** Exercise **
Without any of the pictures, transcribe all the lines below exactly.

BEGIN Dataset section

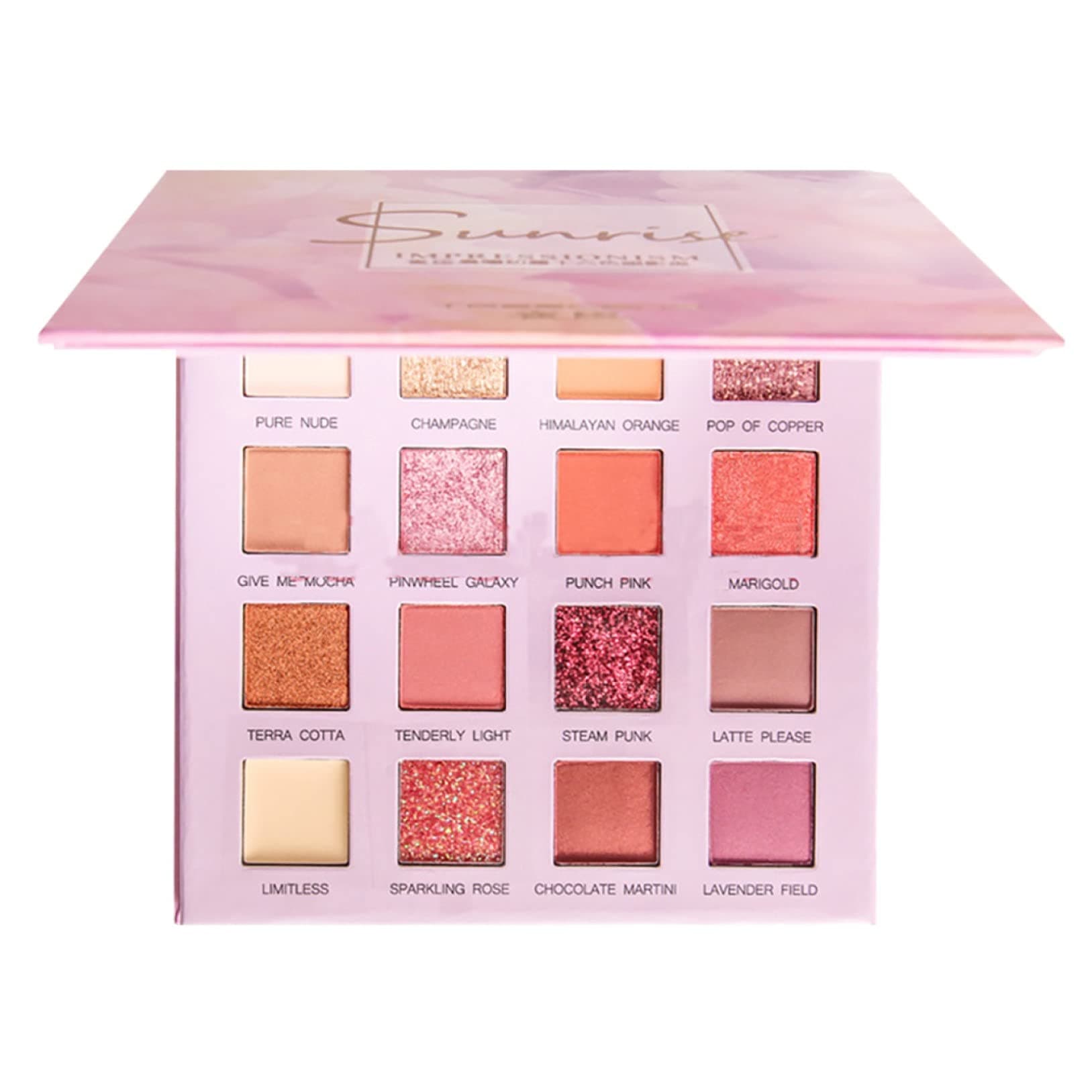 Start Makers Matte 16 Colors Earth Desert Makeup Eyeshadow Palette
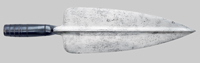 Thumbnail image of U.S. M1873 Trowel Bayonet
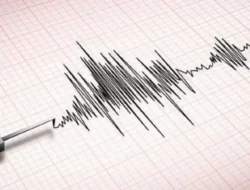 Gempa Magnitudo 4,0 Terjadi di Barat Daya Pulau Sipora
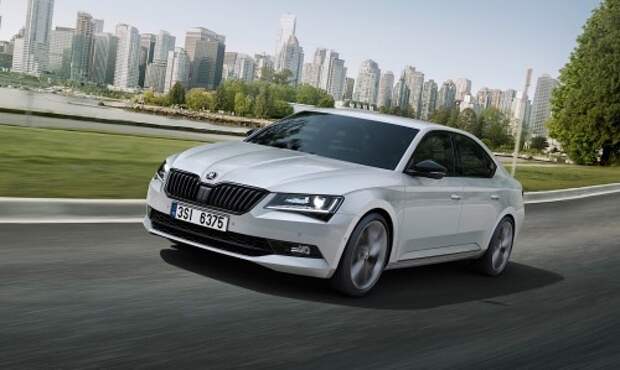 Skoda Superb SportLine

END Dataset section

** Answer below **
 Start Makers Matte 16 Colors Earth Desert Makeup Eyeshadow Palette
 Thumbnail image of U.S. M1873 Trowel Bayonet
 Gempa Magnitudo 4,0 Terjadi di Barat Daya Pulau Sipora
 Skoda Superb SportLine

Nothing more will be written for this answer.